Below is a set of records; reproduce them exactly without their pictures.

_ _ _ _

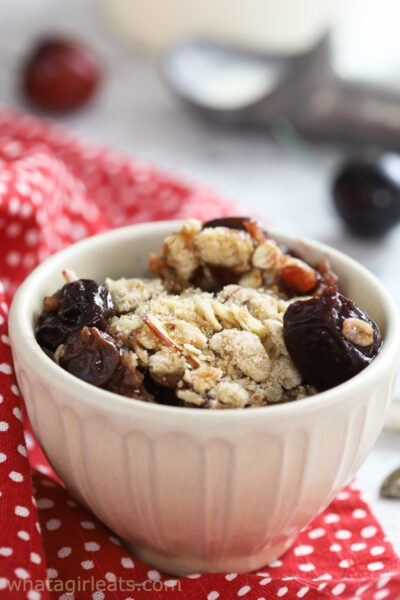 cherry crisp in small dish.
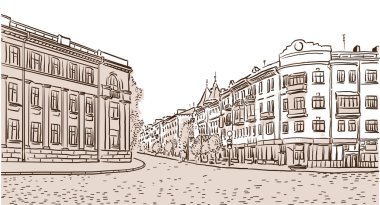 Antik Avrupa street tarafından taş döşeli blokları.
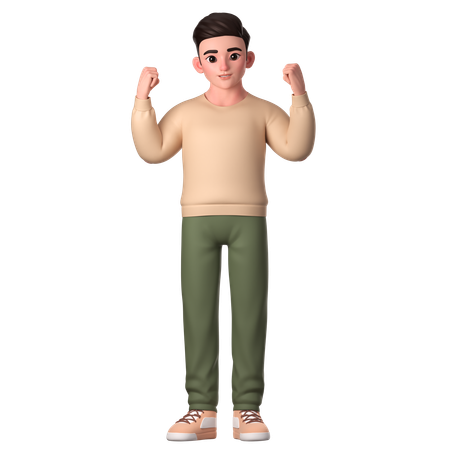 Young Man Posing To Show Power Celebrate Victory  3D Illustration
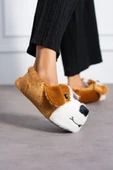 Albishoes Sevimli Köpek Hayvan Figürlü Peluş Yumuşak Taban Ev Botu Kışlık Hayvanlı Ev Panduf (30-40) - 1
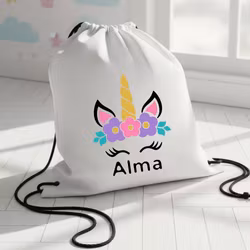 Gympapåse med Enhörning och Namn - Personlig Gymnastikpåse för Barn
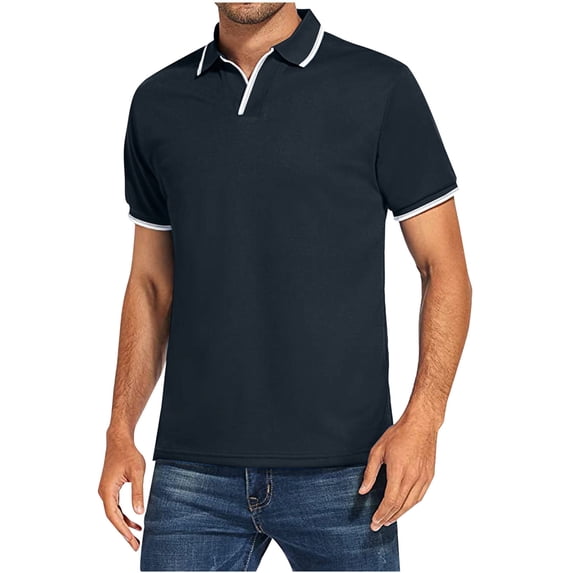 WREESH Men's Solid Color Henley Shirt Fashion Turndown Collar Button Front Short Sleeve Top Navy
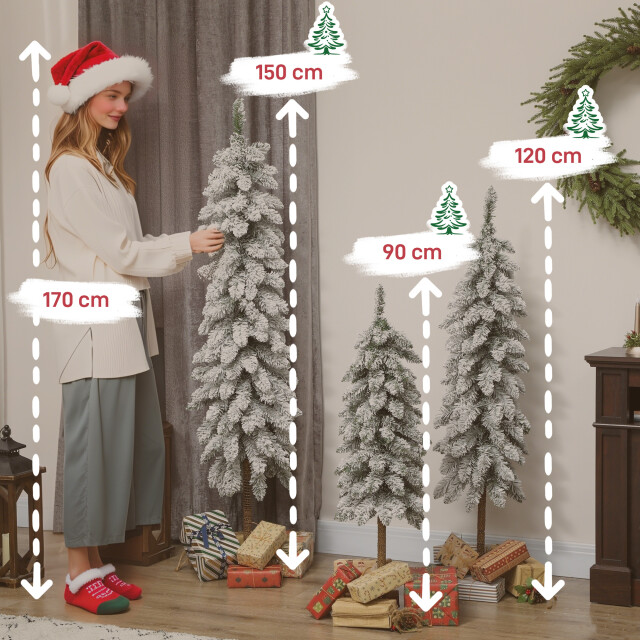 4goodz Set 3 kerstbomen met sneeuw 90/120/150 cm 3389873 large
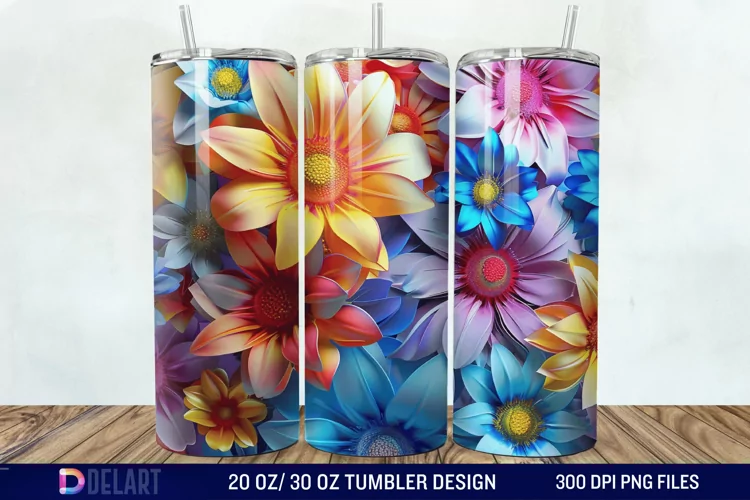 3D Colorful Floral Tumbler Wrap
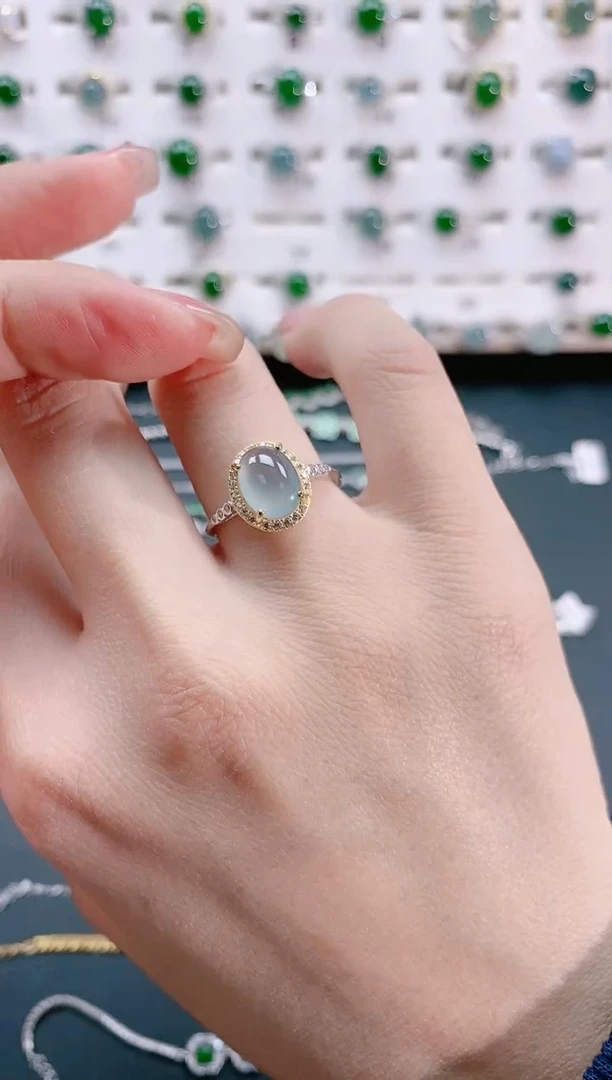 【闪购商品】翡翠戒指银S925镶嵌天然翡翠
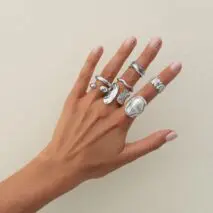 Baroque 7pcs Gold Silver Tone Pearl Inlaid Curved Ring Set - ArtGalleryZen
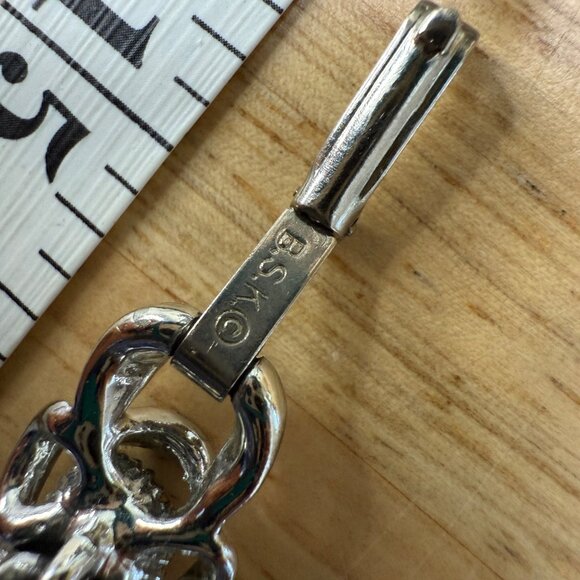 Vintage BSK Bracelet & Clip-On Earrings Set With Faux Pearls & Rhinestones - Picture 7 of 15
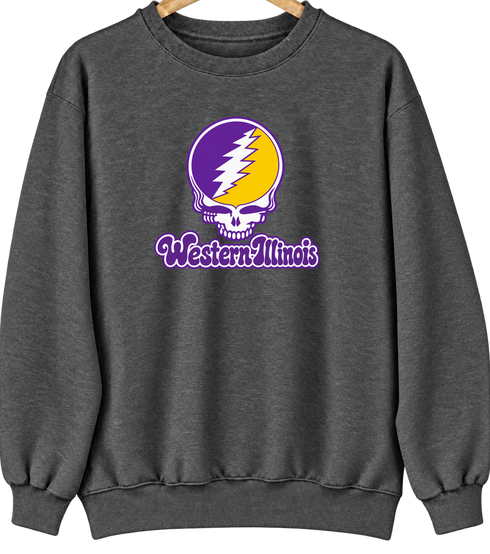 Western Illinois Stealie Premium Unisex Crewneck — Design: Western Illinois University — Dark Heather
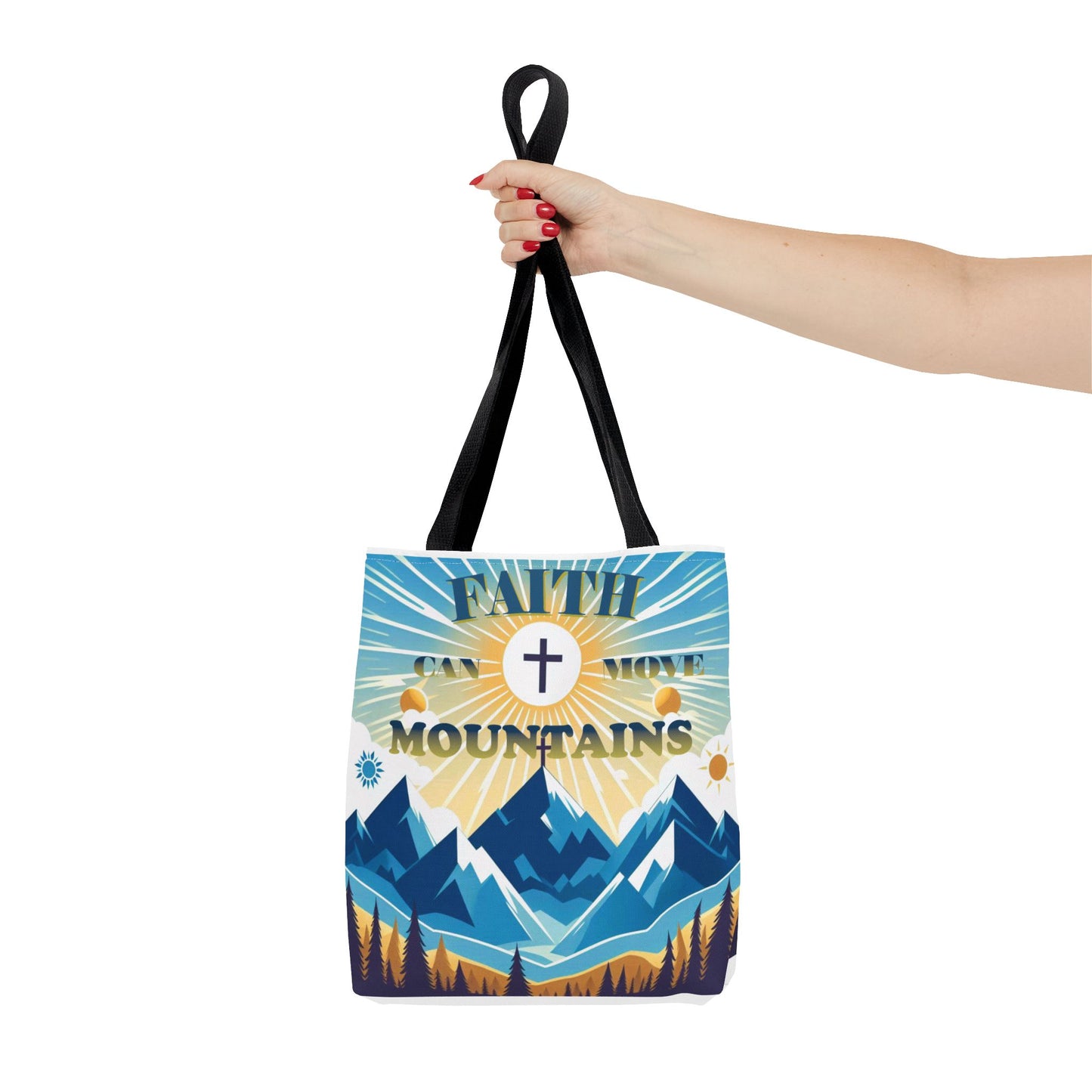 "FAITH CAN MOVE MOUNTAINS" Tote Bag (AOP)
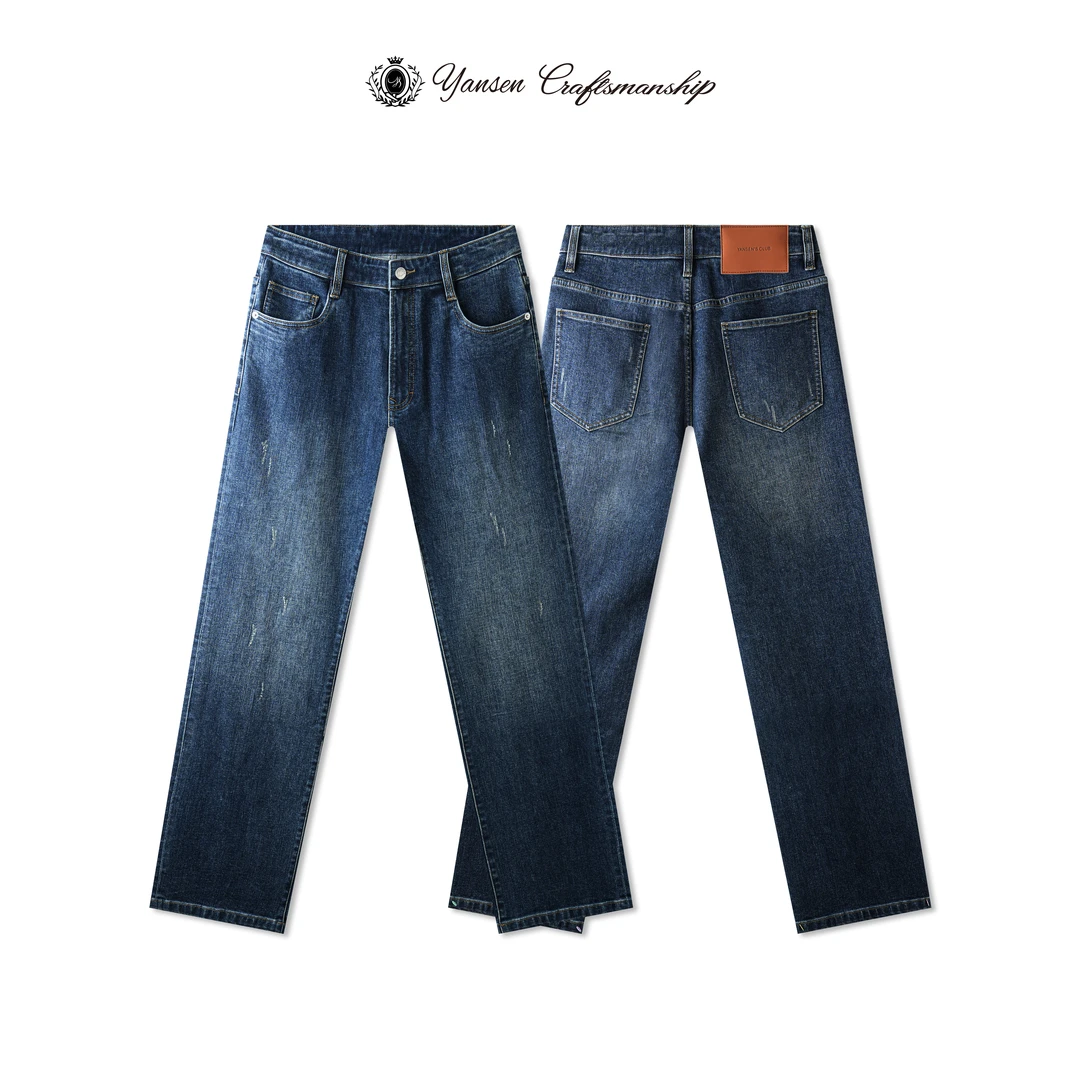 24FW/复古做旧水洗吊磨工艺设计师深蓝直通牛仔长裤ys006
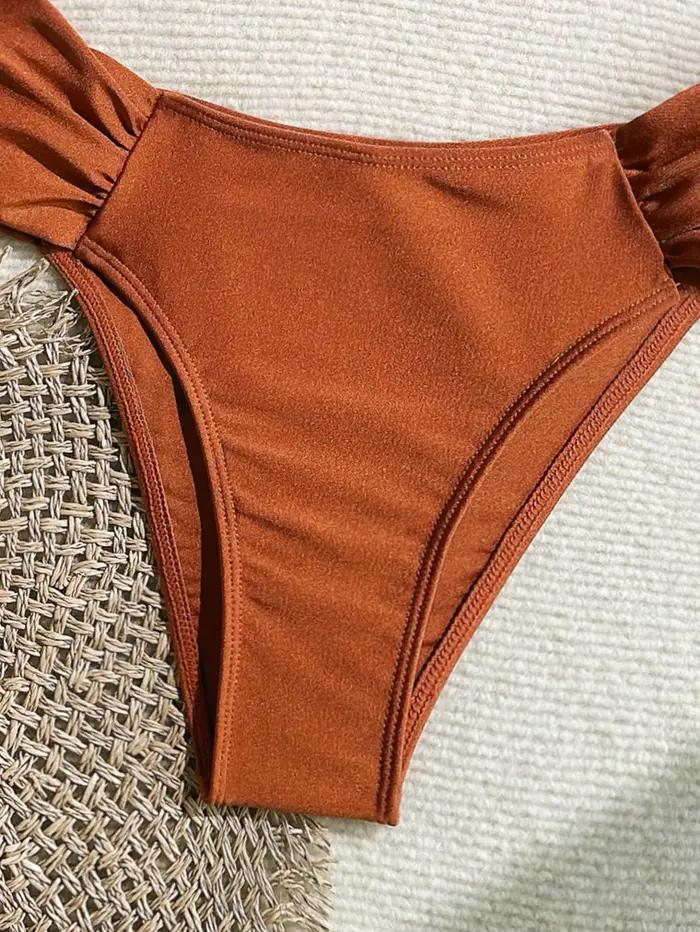 Ensemble bikini sexy plissé taille haute 2026 pour femme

_ _ _ _

# OUTPUT FOR THIS TASK
 cherry crisp in small dish.
 Antik Avrupa street tarafından taş döşeli blokları.
 Young Man Posing To Show Power Celebrate Victory  3D Illustration
 Albishoes Sevimli Köpek Hayvan Figürlü Peluş Yumuşak Taban Ev Botu Kışlık Hayvanlı Ev Panduf (30-40) - 1
 Gympapåse med Enhörning och Namn - Personlig Gymnastikpåse för Barn
 WREESH Men's Solid Color Henley Shirt Fashion Turndown Collar Button Front Short Sleeve Top Navy
 4goodz Set 3 kerstbomen met sneeuw 90/120/150 cm 3389873 large
 3D Colorful Floral Tumbler Wrap
 【闪购商品】翡翠戒指银S925镶嵌天然翡翠
 Baroque 7pcs Gold Silver Tone Pearl Inlaid Curved Ring Set - ArtGalleryZen
 Vintage BSK Bracelet & Clip-On Earrings Set With Faux Pearls & Rhinestones - Picture 7 of 15
 Western Illinois Stealie Premium Unisex Crewneck — Design: Western Illinois University — Dark Heather
 "FAITH CAN MOVE MOUNTAINS" Tote Bag (AOP)
 24FW/复古做旧水洗吊磨工艺设计师深蓝直通牛仔长裤ys006
 Ensemble bikini sexy plissé taille haute 2026 pour femme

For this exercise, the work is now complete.